The Foreign Intelligence Surveillance Court, which is based in Washington, D.C., and operates inside the Justice Department, ordered Verizon to turn over to the National Security Agency daily records of: “all call detail records or ‘telephony metadata’ created for Verizon for communications (i) between the United States and abroad; or (ii) wholly within the United States, including local telephone calls.” The order does not include Verizon calls made in foreign countries.

The FISA Court said that metadata includes the phone numbers called, the identifying serial numbers for tracking mobile phones, calling card numbers, time and duration of calls, but “does not include the substantive content of any communication… or the name, address, or financial information of a subscriber or customer.”

The Guardian’s scoop confirms what many privacy rights and civil liberties groups have long suspected, that the Bush Administration’s program of data-mining American phone records for national security purposes has continued under Obama, much like his use and expansion of military drones. The FISA Court order is stamped “top secret” and is not to be declassified until April 12, 2038.

“From a civil liberties perspective, the program could hardly be any more alarming,” said Jameel Jaffer, American Civil Liberties Union Deputy Legal Director. “It’s a program in which millions of innocent people have been put under the constant surveillance of government agents. It’s analogous to the FBI stationing an agent outside every home in the country to track who goes in and who comes out. It is beyond Orwellian, and it provides further evidence of the extent to which basic democratic rights are being surrendered in secret to the demands of unaccountable intelligence agencies.”

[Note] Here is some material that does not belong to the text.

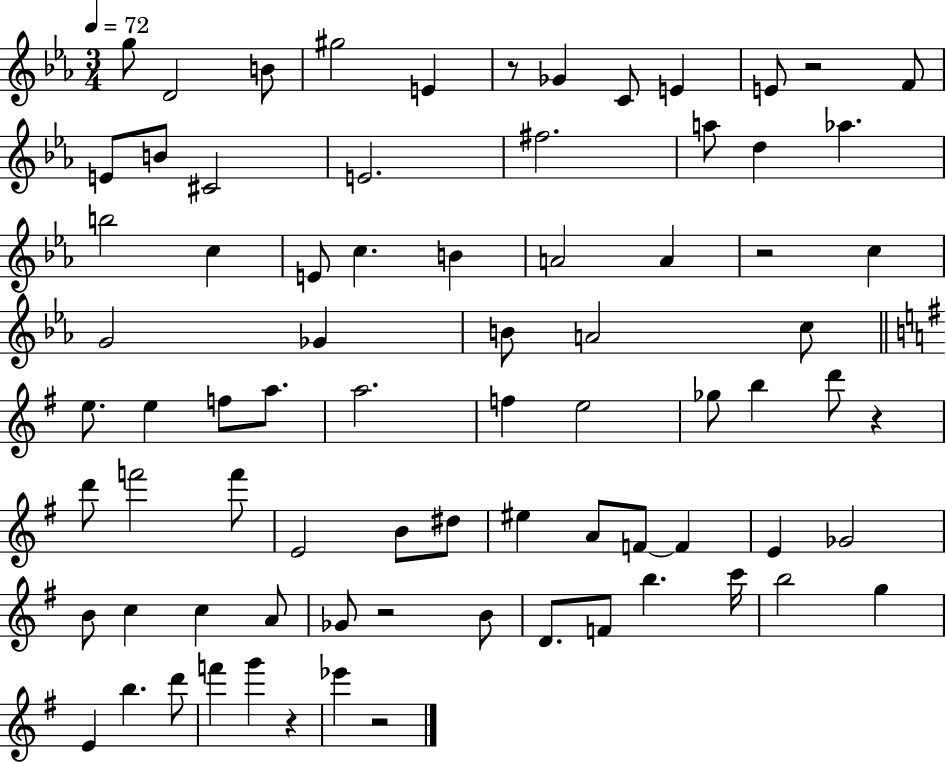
G5/e D4/h B4/e G#5/h E4/q R/e Gb4/q C4/e E4/q E4/e R/h F4/e E4/e B4/e C#4/h E4/h. F#5/h. A5/e D5/q Ab5/q. B5/h C5/q E4/e C5/q. B4/q A4/h A4/q R/h C5/q G4/h Gb4/q B4/e A4/h C5/e E5/e. E5/q F5/e A5/e. A5/h. F5/q E5/h Gb5/e B5/q D6/e R/q D6/e F6/h F6/e E4/h B4/e D#5/e EIS5/q A4/e F4/e F4/q E4/q Gb4/h B4/e C5/q C5/q A4/e Gb4/e R/h B4/e D4/e. F4/e B5/q. C6/s B5/h G5/q E4/q B5/q. D6/e F6/q G6/q R/q Eb6/q R/h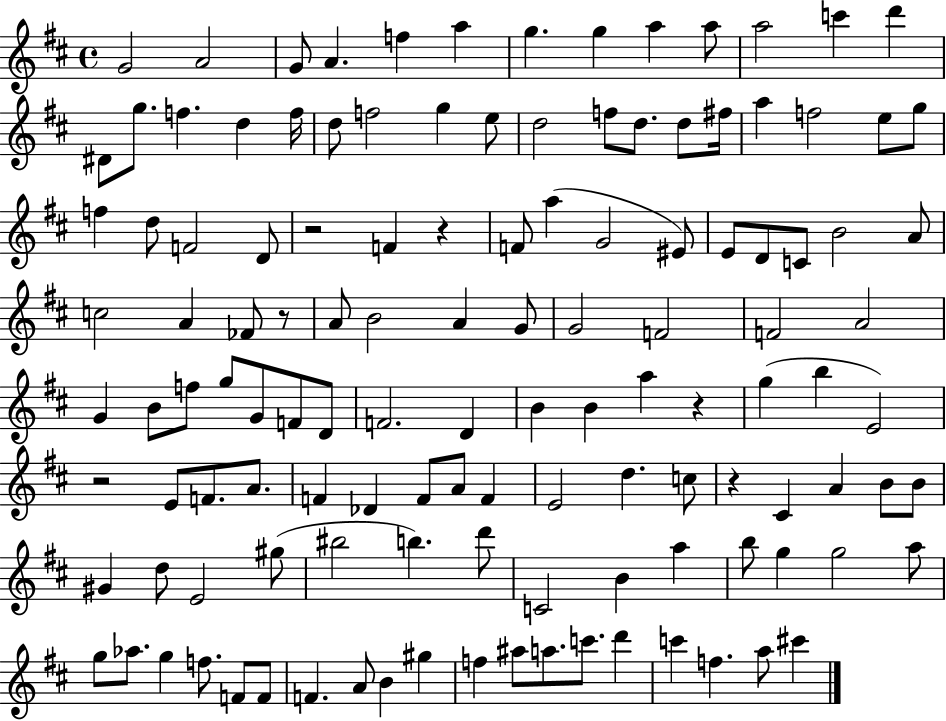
G4/h A4/h G4/e A4/q. F5/q A5/q G5/q. G5/q A5/q A5/e A5/h C6/q D6/q D#4/e G5/e. F5/q. D5/q F5/s D5/e F5/h G5/q E5/e D5/h F5/e D5/e. D5/e F#5/s A5/q F5/h E5/e G5/e F5/q D5/e F4/h D4/e R/h F4/q R/q F4/e A5/q G4/h EIS4/e E4/e D4/e C4/e B4/h A4/e C5/h A4/q FES4/e R/e A4/e B4/h A4/q G4/e G4/h F4/h F4/h A4/h G4/q B4/e F5/e G5/e G4/e F4/e D4/e F4/h. D4/q B4/q B4/q A5/q R/q G5/q B5/q E4/h R/h E4/e F4/e. A4/e. F4/q Db4/q F4/e A4/e F4/q E4/h D5/q. C5/e R/q C#4/q A4/q B4/e B4/e G#4/q D5/e E4/h G#5/e BIS5/h B5/q. D6/e C4/h B4/q A5/q B5/e G5/q G5/h A5/e G5/e Ab5/e. G5/q F5/e. F4/e F4/e F4/q. A4/e B4/q G#5/q F5/q A#5/e A5/e. C6/e. D6/q C6/q F5/q. A5/e C#6/q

The ‘ warrantless wiretapping’ controversy emerged in 2005, after the New York Times withheld publication of a story for a year–at the government’s request–that detailed how the National Security Agency had put data interceptors on key junction points in AT&T’s phone network. At that time, the Bush administration said the electronic surveillance was not designed to listen in on specific calls but trace calling patterns among millions of calls to fight terrorism. However, the program has always operated on the very fringes of U.S. law, with the Bush White House not telling Congress about its scope, and then Congress revising the FISA Court’s guidelines, and then the Justice Department in 2009 saying that it had over-collected data but had ‘corrected’ the problem.

It is not hard to make educated guesses about what is going on, which is that the NSA has maintained and expanded its ability to monitor all electronic communications as the Internet and ‘big data’ have grown exponentially. The agency installed data interceptors at Google’s data warehouses after China hacked into its network in 2009 to look for FBI requests to follow Chinese spies. China’s subsequent hack into RSA in 2011, the company that supposedly hardened the computer networks of American military contractors, led to the Chinese stealing detailed plans of America’s top weapons. With these massive data ‘plays’ as the backdrop, it’s hardly surprising that the NSA would be maintaining and expanding the tactics developed nearly a decade ago against al-Qaeda.

The Obama Justice Department defended allowing domestic law enforcement to track cellphones without a warrant as late as last fall, even though the U.S. Supreme Court found that action was unconstitutional in United States v. Jones ruling in January 2012. It is unclear whether the FISA Court order for Verizon would conflict with that Supreme Court ruling.